Sustainability Days Recap
by Alyssa Rainville
On wedding days, our team has a distinct timeline that constrains when we can begin and complete our work. We operate around catering staff, lighting technicians, musicians, photographers, and every other vendor that preps the space before wedding guests arrive. There is often a set time where we must be completely packed up and out of sight, well before anyone celebrating sets foot on site.
With a little help from our friends at Location 215, our team was able to have a two-day excursion out of our typical workspace at the shop for some creative exploration. It’s necessary to once in awhile take the time to experiment – to things that won’t necessarily work, but might work, in the name of innovation. This allows our team to strengthen our arsenal of skills to apply to unexpected situations on wedding days, and with designing in general.
Jen and Nicole, owners of Location 215, graciously granted us use of one of their spacious studios for two days in a row. Jen has been a regular customer of Vault + Vine for many years, and we have so much gratitude for her support in all areas of our operations! We look forward to the weddings that are already planning to deck out with flowers in the same space where we experimented.
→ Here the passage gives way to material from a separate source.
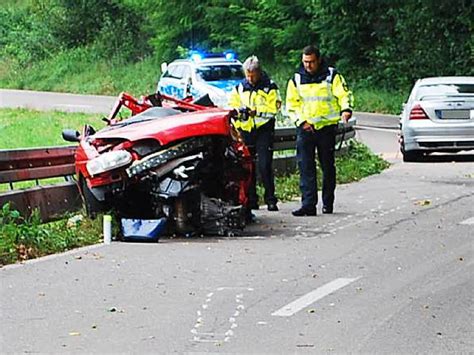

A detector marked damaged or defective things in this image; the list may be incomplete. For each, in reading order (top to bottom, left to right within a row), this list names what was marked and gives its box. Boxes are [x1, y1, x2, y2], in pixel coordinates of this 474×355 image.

severely damaged red car [64, 93, 256, 239] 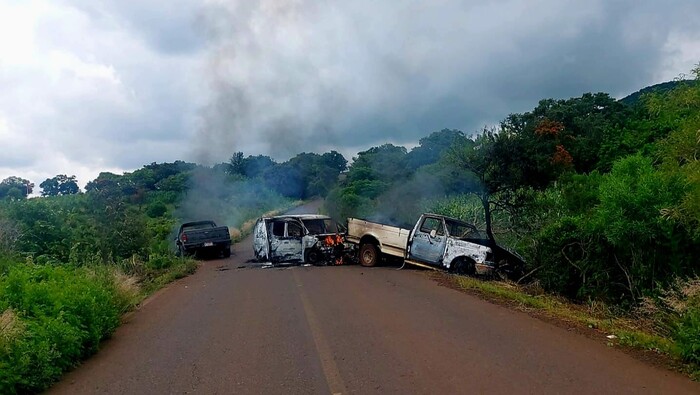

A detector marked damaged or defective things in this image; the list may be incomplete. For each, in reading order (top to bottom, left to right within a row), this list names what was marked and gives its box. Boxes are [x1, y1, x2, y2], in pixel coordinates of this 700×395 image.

Opting for dried flowers and grape vines, Kat also used fabric to adorn our custom dark wooden chuppah. Dried flowers can be used several times before needing to be composted from typical shedding and disintegration. Additionally, drying natural elements lengthens their use in design work as a step before they enter the compost bin.
Sarah used Spanish moss to cover the soil of potted plants, to create kokedama-style embellishments on our rental copper arch. This method of using plants could be applied to a photoshoot or an event, to preserve the life of the plants for enjoyment or re-use in a new setting once repotted.
Using live plants wrapped in moss, encircled in a frame of chicken wire to hold them in position, Meg’s bouquet used many different foliage varieties to hide the construction. A house plant could be sentimentally placed in a bouquet, to later be appreciated in the home.
Caroline tested the longevity of individual flower and foliage varieties out of water for the two-day span. Some stems were unaffected by the lack of water source, and some wilted very quickly on day one. This information helps inform designer decision-making when considering what flowers would be best used in specific designs.
Crumbly green flower foam is widely regarded within the floral industry as an environmentally harmful holdover from older days of floristry. While Vault + Vine uses minimal amounts of floral foam to begin with, it would be helpful to have some substitution for this material when needed. A loaf of stale bread served as a flower foam substitute for Lydia’s experiment. While compostable, bread unfortunately does not boast the necessary structural integrity to serve as an armature for flower stems – it is also poor at retaining water for necessary flower hydration levels.
Dampened moss in a dish, with chicken wire framing, is another possible foam alternative that was tested. While it could work for some more hardy blooms, it serves best as a foliage-only design aid.
We aim to show our work through photos, though we are frequently missing from the images. Save for the hand-off of personal flowers, you might not even see us on a wedding or event day. Seeing ourselves captured in time in photographs, and additionally in video is a new and wonderful way we can time-stamp this moment into memory.
At Vault + Vine, we strive towards a greater sustainability in all aspects of what we do, to the greatest degree possible. Sustainability Day was an experimentation in trying new floral design techniques to benefit our team’s sense of innovation. We hope to always work creatively as a team towards a more environmentally responsible future.